Kunstsaat in Niederbayern

■ Land-art nach aztekischem Vorbild: Maria Buchners Senffeldzeichnungen

14 Tage im Juli bot ein Feld bei Alburg in Niederbayern den wenigen Sportfliegern, die es zufällig überflogen, ein irritierendes Bild. Mitten in der durchrationalisierten Agrarlandschaft mit ihren Zuckerrüben- und Getreidefeldern erblickten die Piloten ein 180 mal 90 Meter großes knallgelb blühendes Senffeld mit einer Zeichnung aus blau blühendem Lein: Eine Treppe zu einer Tür, die, einen schmalen Spalt weit geöffnet, in die Erde führt. Die 150 Meter lange Feld-Zeichnung stammt von der niederbayerischen Bildhauerin und Land-art-Künstlerin Maria Buchner, die sich seit einigen Jahren mit ihren originellen und eigenwilligen Skulpturen, Aktionen und Objekten in der Kunstszene durchschlägt.

Nicht jeder und jedem mögen sich Buchners Objekte gleich erschließen. Schon deshalb nicht, weil sie gar nicht darauf angelegt sind, daß jedermann in den direkten Genuß ihrer Arbeiten kommt. Ihre Feldzeichnung im Donaumoos war gut und richtig nur aus einem Flugzeug in etwa dreihundert Meter Höhe zu sehen. Deshalb hat sie die Zeichnung fotografiert. Und sie berichtet, daß beim Flug über das Feld die Türe ein wenig in Bewegung gerät – das heißt: Der Spalt scheint sich etwas weiter zu öffnen und schließt dann wieder.

Vor über 1.000 Jahren haben Angehörige der Nazcakultur an der südperuanischen Küste auf einem 500 Quadratkilometer großen Hochplateau eine Reihe von Scharrbildern – Linien und Figuren – geschaffen, die bis heute zu den faszinierendsten archäologischen Stätten Amerikas gehören. In der trockenen windstillen Gegend bei Nazca sind diese Zeichnungen durch die Jahrtausende erhalten geblieben. Maria Buchners gesäte Kunst aber ist nach wenigen Wochen verblüht. Dennoch gibt es Berührungspunkte und Parallelen: Lein und Senf sind uralte Kulturpflanzen (die heute in der Landwirtschaft Niederbayerns jedoch keine Rolle mehr spielen). Als Maria Buchner im Mai mit Stöcken und Preßbändern ihre Zeichnung zur Aussaat auf dem Feld vorbereitete, meinten viele, es handele sich um eine archäologische Arbeit.

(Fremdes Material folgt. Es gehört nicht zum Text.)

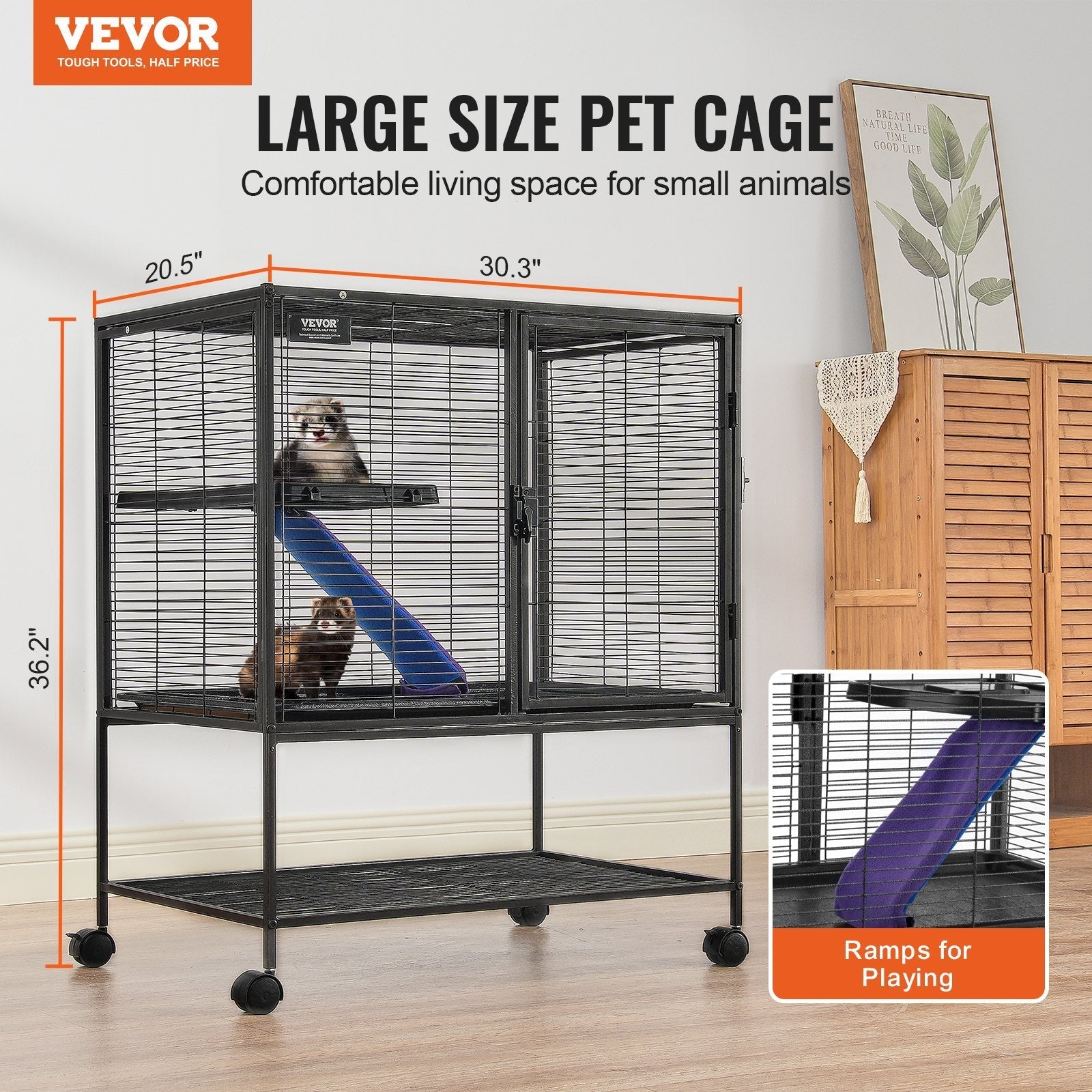 HKM-5405629 2-Tier Rolling Metal Ferret Cage with Spacious Living Area and Easy-Clean Tray
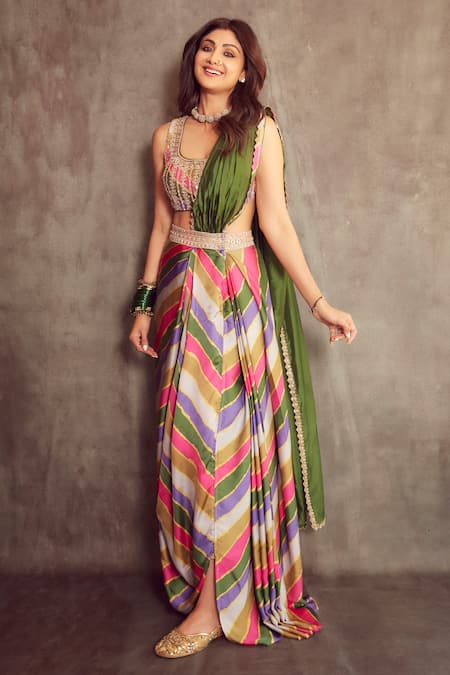 Punit Balana Stripe Print Pre-Draped Saree Set 
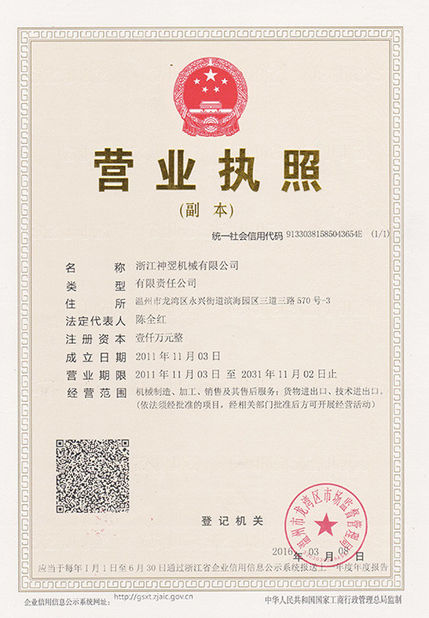 Porcellana Jiangsu Sunyi Machinery Co., Ltd. Certificazioni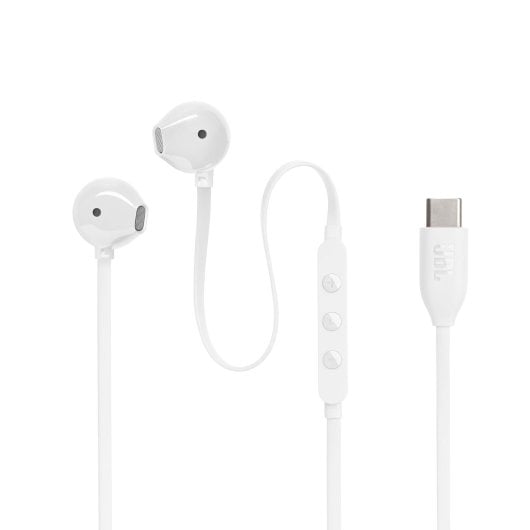 Auriculares JBL con cable USB-C Pure Bass, Hi-Res Audio, micrófono, blanco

Und schließlich: Das Geheimnisvolle und Aufregende der Nazca-Bilder ist – wie bei Buchners Zeichnung – die Tatsache, daß man sie nur aus einer hohen Vogel- oder Flugzeugperspektive richtig wahrnimmt – auch wenn es freilich zur Zeit der Nazcas keine Flugzeuge gab.

„Die Skulptur Maria Buchners entwächst einer Bewußtheit und kehrt im Prozeß des denkenden Sehens wieder in sie ein. Sie geht im ephemeren Zustand der Subversivität auf, in den sie uns versetzt...“, heißt es in einer Eloge auf die Künstlerin im Katalog zum Otto-Dix-Förderpreis 1994, in dem auch einige andere ihrer Werke präsentiert werden. Als wir uns über ihre Arbeit unterhalten, zeigt sie mir lächelnd diesen Text. Wie denn der Titel ihrer Feldzeichnung laute, frage ich. Sie habe keinen, antwortet sie. Ich bräuchte aber für die Beschreibung ihrer Arbeit etwas, das mehr down to earth sei als der Katalogtext. Und Buchner meint: „Das wäre ein guter Titel für die Zeichnung.“

Maria Buchner lebt seit Jahren in München, hat an der Münchner Akademie Bildhauerei studiert und längere Studienaufenthalte in Kanada und Australien hinter sich. Nebenbei arbeitet sie als Übersetzerin. Im nächsten Jahr will sie einen langgehegten Plan verwirklichen: das „Goldstromprojekt“. In einem ausgetrockneten Flußbett mitten in Australien will sie auf 100 Meter Länge alle Steine mit Blattgold vergolden. Sie rechnet mit einem Jahr Arbeit. Zur Finanzierung verkauft sie derzeit Aktien des Goldstromprojekts zum Stückpreis von 100 Mark. Die neun Kilo Blattgold hat sie bereits beisammen. Sehen werden allerdings wieder nur wenige den „Golden Stream“. Erstens ist er weit abgelegen, und zweitens füllt sich der Fluß alle paar Jahre mit Wasser und wäscht alles weg – auch das Gold. Thomas Pampuch

Andere Arbeiten von Maria Buchner sind in der Orangerie in Gera zu sehen.